Could open-source be illegal someday?

Leo J Mauler webgiant at juno.com
Tue Jan 27 19:58:11 CST 2004


On Mon, 26 Jan 2004 22:32:05 -0600 <kurt at verruckt.org> writes:
> Have any of your guys and gals read this?
>
> http://www.eweek.com/article2/0,4149,1455175,00.asp
>
> My god what is wrong with SCO?!?!?!  When they
> eventually go bankrupt, we should throw a party :)
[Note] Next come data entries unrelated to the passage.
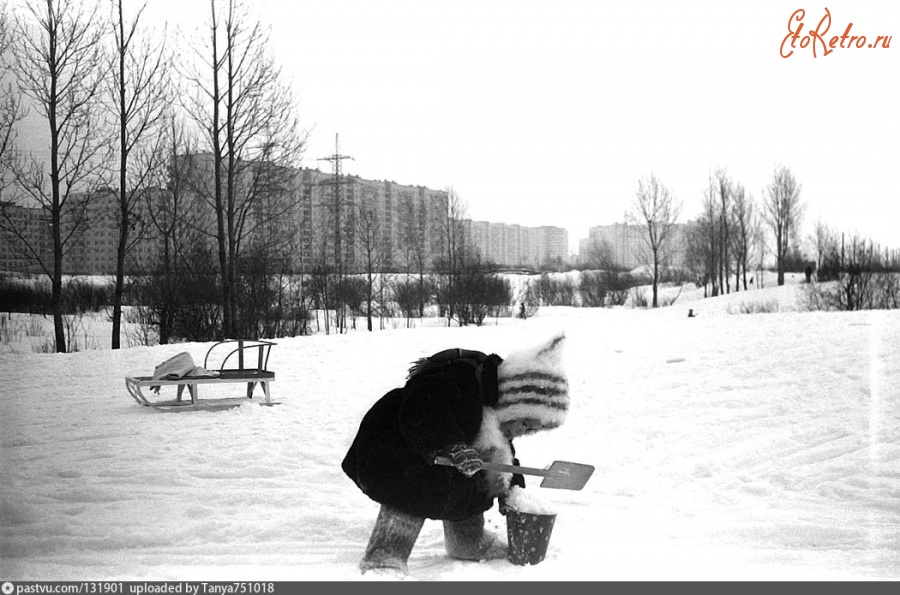 Санкт-Петербург - Девочка Юля на пустыре возле станции Купчино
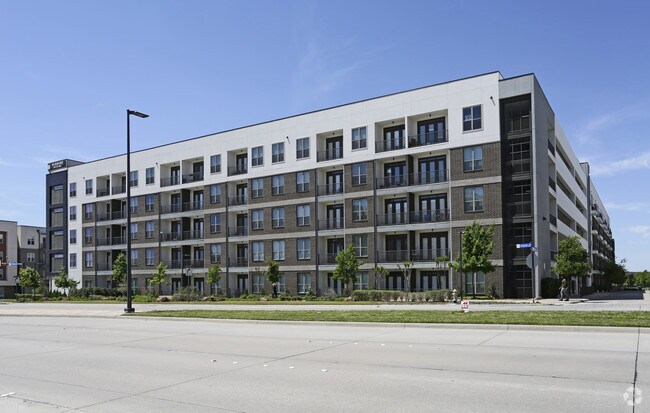 Windsor CityLine Apartments Richardson, TX
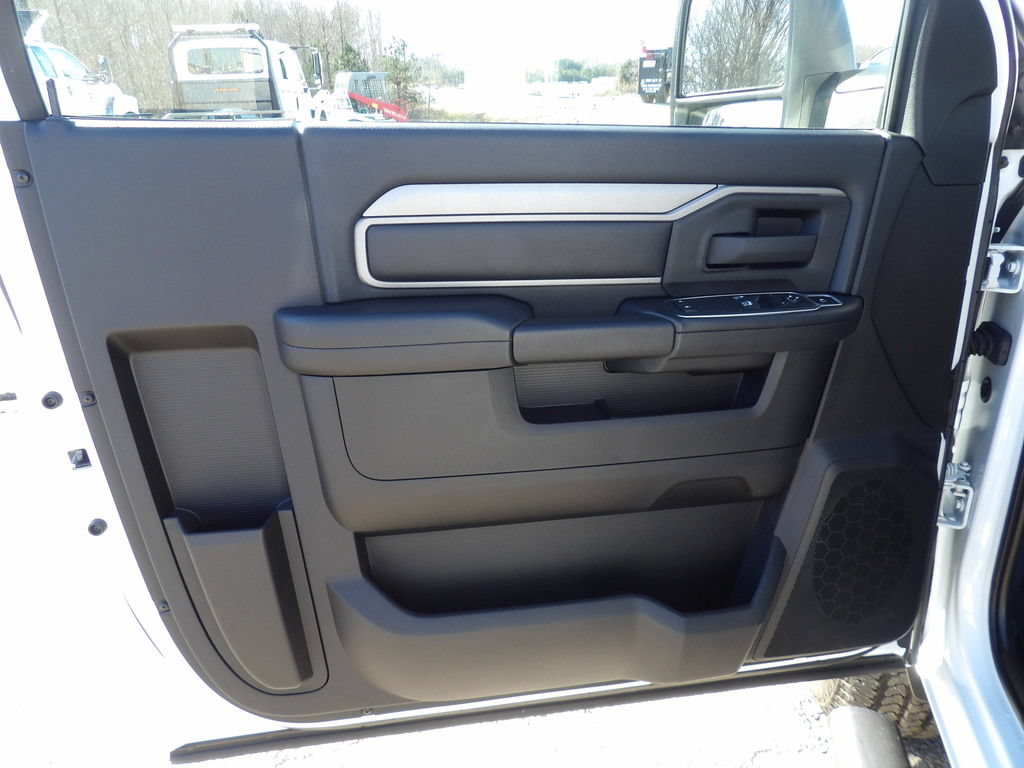 Used 2024 RAM 2500 Tradesman w/ Protection Group AWD/4WD image 14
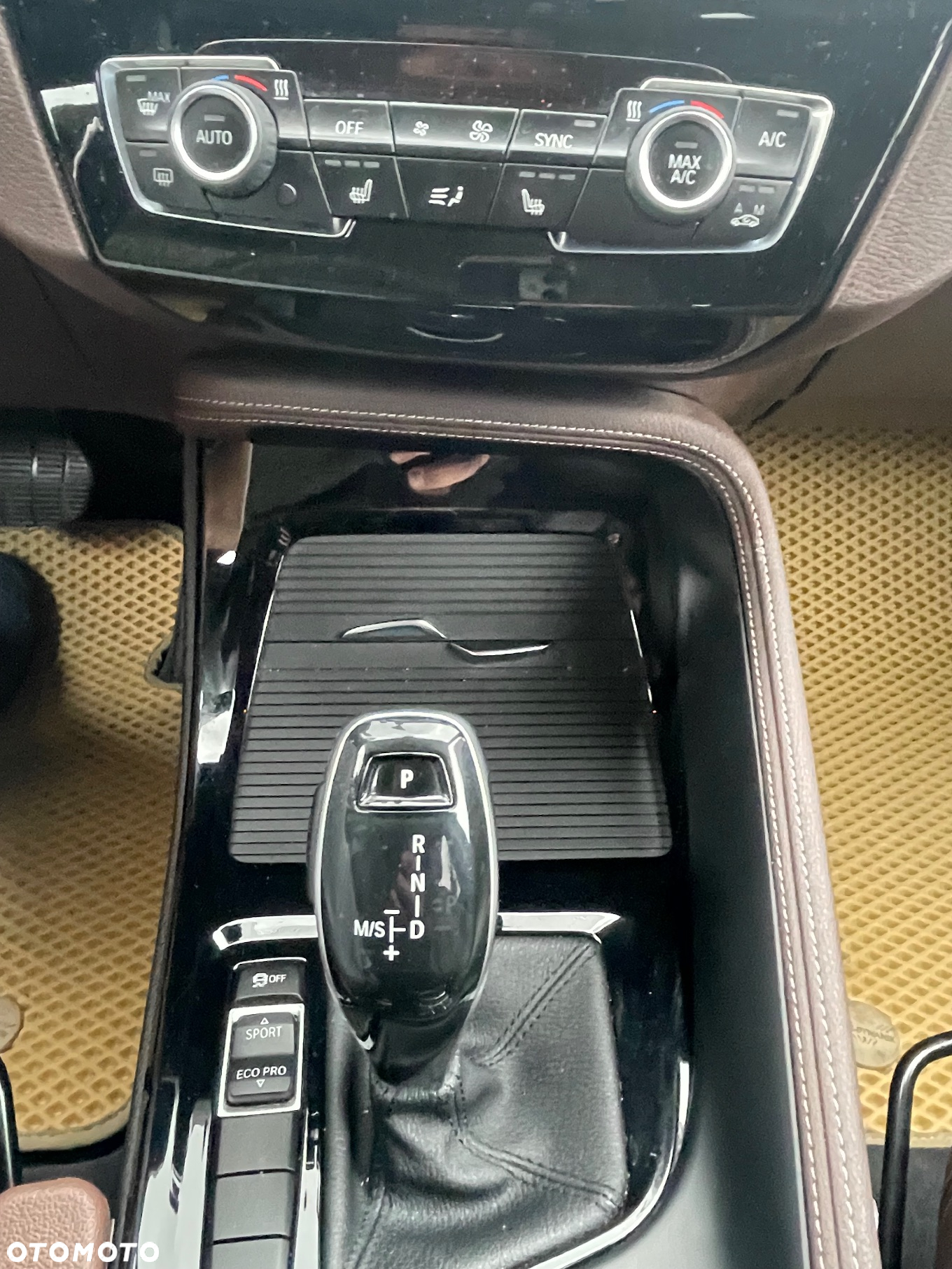BMW X1 sDrive20d - 20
Everyone should read this related article, which took a few clicks from
the above article to read.

http://www.eweek.com/article2/0,4149,1400107,00.asp

In particular, SCO's own *inability* to decide whether or not the GPL is
a valid and effective copyright permission:

===============
"SCO's legal situation contains an inherent contradiction," Moglen writes
in the paper. "SCO claims, in the letters it has sent to large corporate
users of free software and in public statements demanding that users of
recent versions of the kernel take licenses, that the Linux program
contains material over which SCO holds copyright."
SCO has also brought trade-secret claims against IBM, alleging that IBM
contributed material covered by nondisclosure licenses or agreements to
the Linux kernel. But SCO distributed, and continues to distribute, Linux
under the GPL (General Public License), thereby publishing its supposed
trade secrets and copyrighted material under a license that gives
permission to copy, modify and redistribute, Moglen writes.
"If the GPL means what it says, SCO loses its trade secret lawsuit
against IBM, and cannot carry out its threats against users of the Linux
kernel," Moglen writes. "But if the GPL is not a valid and effective
copyright permission, by what right is SCO distributing the copyrighted
works of Linux's contributors, and the authors of all the other
copyrighted software it currently purports to distribute under GPL?"